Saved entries
== Segment start ==

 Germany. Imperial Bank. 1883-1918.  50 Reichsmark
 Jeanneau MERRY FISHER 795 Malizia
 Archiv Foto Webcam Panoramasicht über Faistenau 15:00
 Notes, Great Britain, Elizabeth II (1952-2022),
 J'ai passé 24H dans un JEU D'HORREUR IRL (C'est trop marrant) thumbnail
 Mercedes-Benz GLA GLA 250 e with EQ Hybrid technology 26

== Segment end ==
== Segment start ==

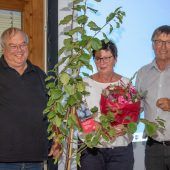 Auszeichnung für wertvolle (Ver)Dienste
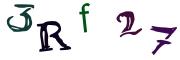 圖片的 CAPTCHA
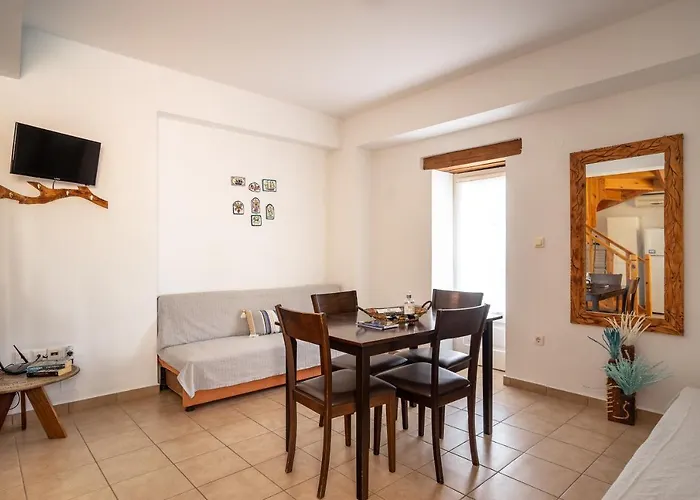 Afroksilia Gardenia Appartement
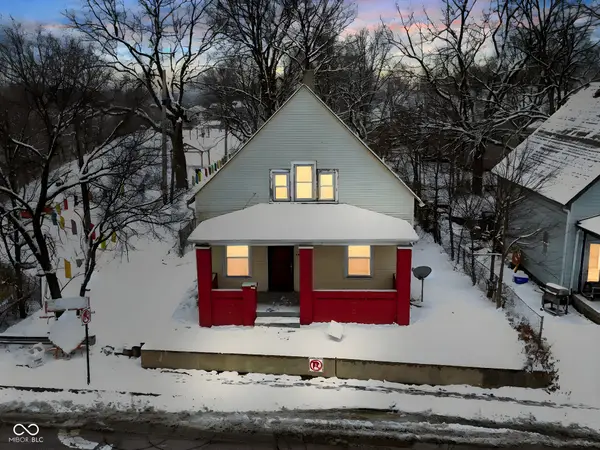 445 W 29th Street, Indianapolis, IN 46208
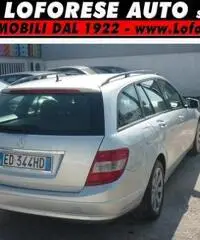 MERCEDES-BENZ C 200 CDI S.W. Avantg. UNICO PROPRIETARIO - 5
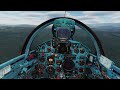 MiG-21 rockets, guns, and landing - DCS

== Segment end ==

**Work instruction**
Write back the stretch of lines above that begins with the line holding "MERCEDES-BENZ C 200" and ends with the line holding "MiG-21 rockets, guns, and landing - DCS", both included, exactly as written. Pictures stay out.

**Exercise result**
 MERCEDES-BENZ C 200 CDI S.W. Avantg. UNICO PROPRIETARIO - 5
 MiG-21 rockets, guns, and landing - DCS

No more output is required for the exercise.